Nine years later the store moved 200 yards south, instead of west, to its current location. Carl and Bill are convinced this will be “home” for their family business for many years to come. The added space (going from a 2,000 to 6,000-square-foot showroom), a more laser-like focus on jewelry at all price points including high-end fine jewelry, and a state-of-the-art manufacturing and repair shop, officially made Schnack’s Fine Jewelry & Gift Gallery a full-service jeweler.
True to form, no baggage (literally and figuratively) was carried from the old store to the new store in 2005, with the exception of a single box, according to Bill. In that box were a number of items that tell the story of previous generations. One prized possession is a pocket watch made by C. A. Schnack himself, a pair of spectacles from when jewelry stores sold eyeglasses, and tons of old print ads.
As Carl, Bill and his children William, 30, and Sloane, 26, make plans for the store’s 150th anniversary celebration in September, Bill looks back on the successes that kept the family business going. Chief among them was making sure family members have very defined roles in the business. Bill’s brother, Joe, is also a partner and works in the store as a lead salesperson. Bill is chief diamond buyer and makes frequent trips to Antwerp.
“These diamond buying trips have made us a very serious diamond store,” says Bill. “Years ago I took the GIA diamond course and have been building on that knowledge ever since.”
Strangely enough, it wasn’t until the sixth generation came of adult age that Bill, Joe and Carl sat down and started to formalize succession planning. “We started the effort about 10 years ago and are about 90 percent done with the plan,” says Bill.
Both William and Sloane work in the family business. William always considered his father to be a family businessman that never forced the store on him. “In my late teens I went to college then worked in oil field construction and siding sales,” says William. “But I came back to the store about a year ago.”
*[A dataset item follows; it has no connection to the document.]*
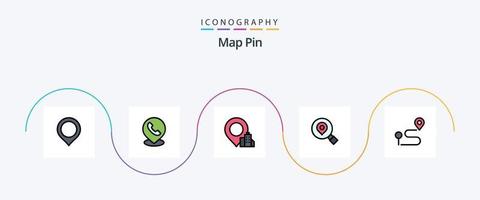 ligne de broche de carte remplie de 5 icônes plates, y compris la navigation. emplacement. emplacement. emplacement. recherche vecteur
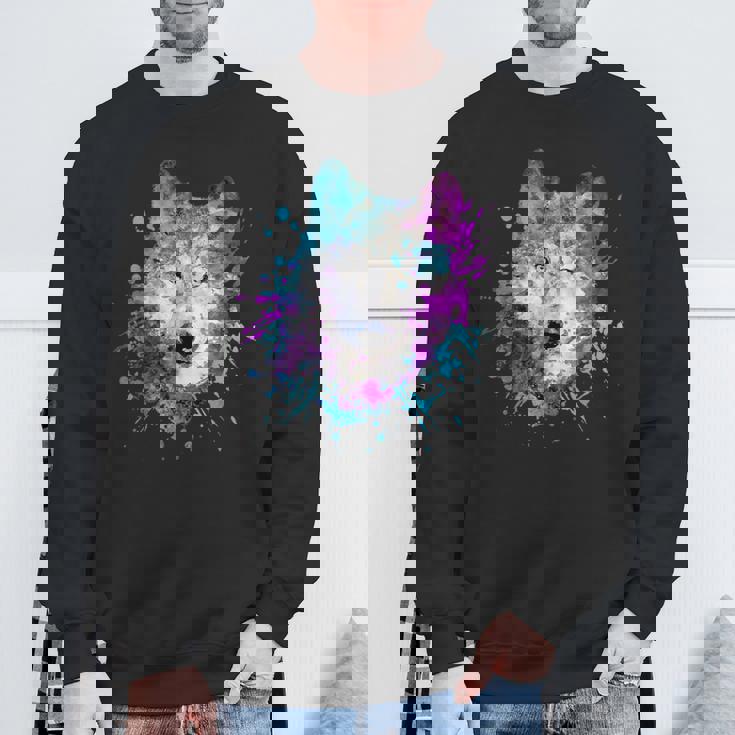 水彩 狼 頭 カラフル オオカミ 贈り物 スウェットシャツ 高齢者への贈り物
The store’s milestone anniversary happening this year was part of what brought William back to the family business. “A family business in business for 150 years,” says William, “that’s really something special. I’m very proud of that and want to be part of it and perhaps one day my kids will too.” William is currently managing the repair department and has found his niche there. Learning the business from inside out, he also heads up the watch department.
With four years difference in age, both William and Sloane share the same early childhood memories of the downtown store. Housed in a three-story building, Sloane recalls playing hide-and-seek on the third floor while William recalls tales of the building being haunted.
Sloane’s early passion and current skill set is on the sales floor. “When I was a little girl I saw it [jewelry sales] as if we were selling amazing things to movie-star-like people,” says Sloane. “For a short time I sold medical supplies for a company, but it never felt like home. Sales is my passion, especially diamond sales, and I really enjoy developing relationships with customers.” With a GIA diamond-grading course under her belt, she has also become a savvy jewelry buyer.
September is the store’s anniversary month, but the big customer party date hasn’t been decided on. There will be a number of contests, giveaways and commemorative jewelry. “We’ll be giving away $150 gift cards at the party, we’ll have pearl necklaces strung with 150 pearls, and we’ll have an oldest receipt contest to name just a few,” says Bill.